The issue comes with the tone of the movie. If the work tries to match the mood of the successful LOTR films, with all of their action and suspense, it will fail miserably at being a passable representation of The Hobbit itself. But if the movie reflects the jolly fairy story feeling of the book it is based off of, it will come off as, well, very silly. Much like the reaction of Star Wars fans to the prequel movies that George Lucas geared more towards a younger generation, LOTR fans will feel their intelligence mocked if forced to endure a slapstick comedy featuring some of the most dark and compelling characters of their beloved series. On the other hand, if the movie ends up being a dark counterpart to the LOTR tonal canon, hardcore fans will be horrified by how their treasured book has been ruined. (Yes, it is that serious.)
More outrage comes from the fact that The Hobbit footage that has been seen so far has been dismissed as far too flashy and sharp. Critics feel that it doesn’t fit with the other movies at all, due to the use of high-definition filming technology, resulting in a frame rate double that seen in the LOTR trilogy films (48 FPS, or frames-per-second, versus 24). What does this mean in layman’s terms? The Hobbit is going to have video quality similar to that of live television. Those who have seen the footage are concerned that the light colors are just too bright and the dark colors are far too shadowy. Everything is described as being too much visually.
According to movie reviewer Devin Faraci, who got one of the first glances of finished Hobbit footage: “The 48 FPS footage I saw looked terrible. It looked completely non-cinematic. The sets looked like sets. I’ve been on sets of movies on the scale of The Hobbit, and sets don’t even look like sets when you’re on them live… but these looked like sets. The other comparison I kept coming to, as I was watching the footage, was that it all looked like behind-the-scenes video. The magical illusion of cinema is stripped away completely.”

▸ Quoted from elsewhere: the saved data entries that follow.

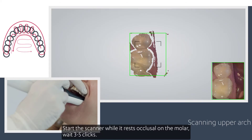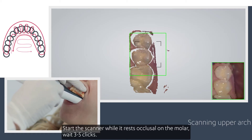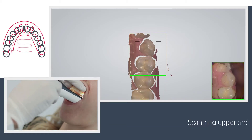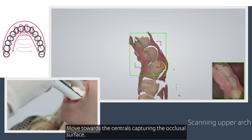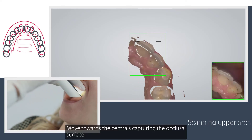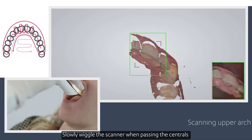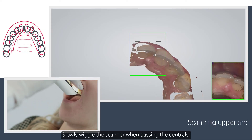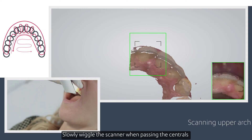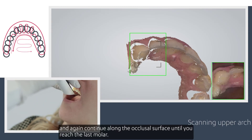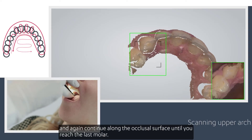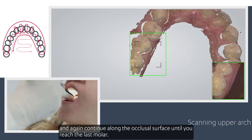Start the scanner while it rests occlusal on the molar. Wait three to five clicks. Move towards the centrals, capturing the occlusal surface. Slowly wiggle the scanner when passing the centrals and continue along the occlusal surface until you reach the last molar.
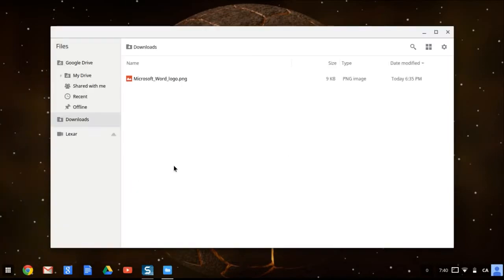And this is for Chrome OS, so it won't work on Windows or Mac or anything, don't assume it will at least.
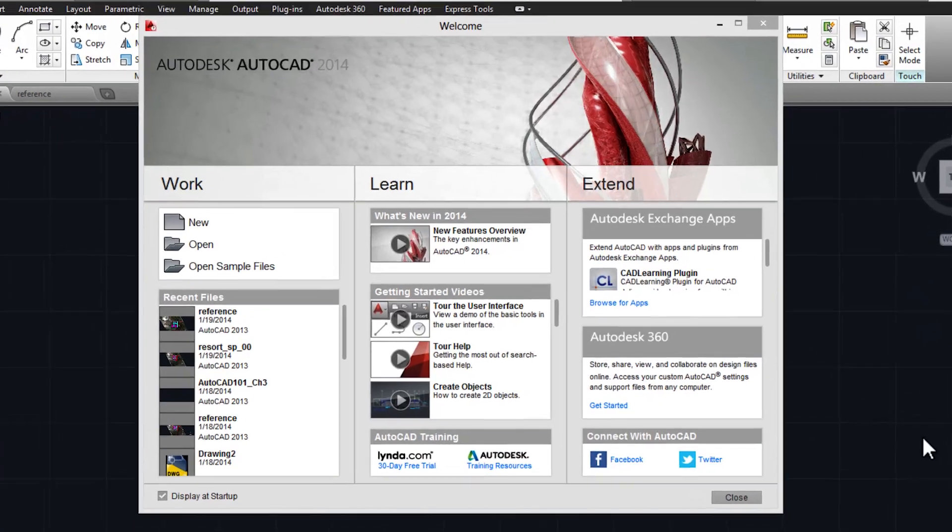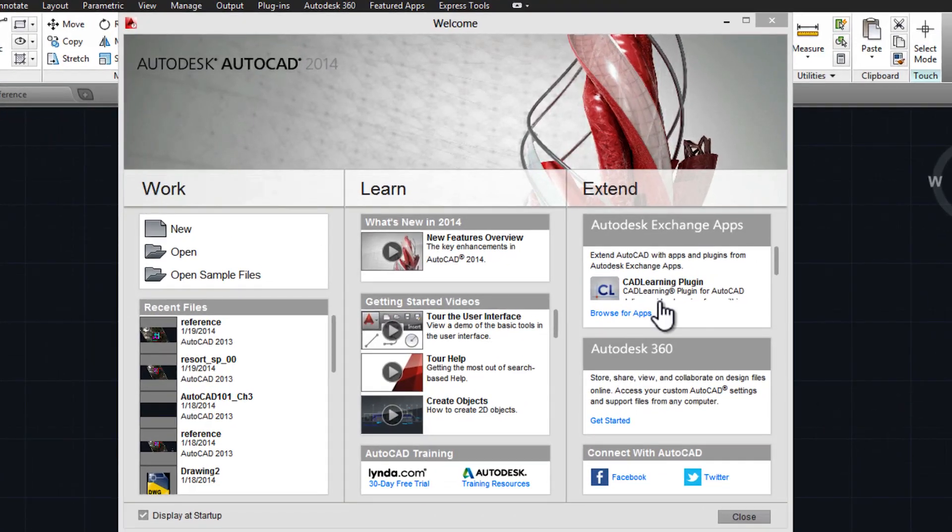Throughout this course, I'll be using AutoCAD 2014, which you'll see on screen. You can download the drawings I create in order to follow along or explore in more detail at your own pace.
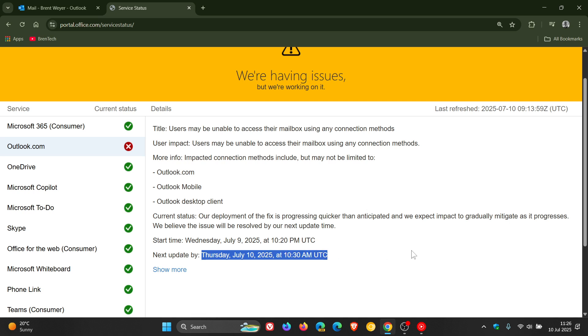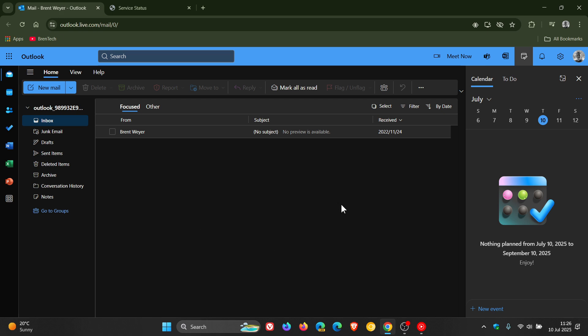And it looks like that fix is rolling out more widely because I haven't had an issue accessing Outlook on the web and went straight into my mailbox when I opened up Outlook.com just to check it out before posting.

Like any other recent movie series, there will always be technological advancements in filming and special effects that will outshine the earlier movies made. LOTR fans simply want consistency. They fear that if the movies are watched in the original chronological order of J.R.R. Tolkien’s lore that movie goers will be disappointed with the quality of the earlier films after viewing The Hobbit. Fans of the movies were delighted by the consistency among the first three films, something that is, as far as we can tell before it is released, lacking in the newest movie.
So, has The Hobbit always been doomed to the list of movies that “Should Never Happen for the Love of All That Is Good, Unless You Want to Alienate Your Fan Base Beyond Recognition”? Not at all! The Hobbit would have been a wonderful movie and none of these problems would have arisen if The Hobbit were simply the first movie presented to audiences. The advancement from the light, whimsical fantasy of The Hobbit to the serious, ethically challenging themes of The Lord of the Rings would not have been an issue. Series such as Harry Potter handled getting increasingly darker beautifully. The movies would have grown with the audience in regards to tone, as well as technological cinematic effects.
This Middle Earth fan hasn’t given up all hope. Even though I have my doubts about the timing of the movie and its quality in comparison to the original LOTR trilogy films, it will just be too hard to stay away. Expect to see me at the premiere with a look of nervous anticipation on my face, waiting to see what will become of the series that I have grown to love.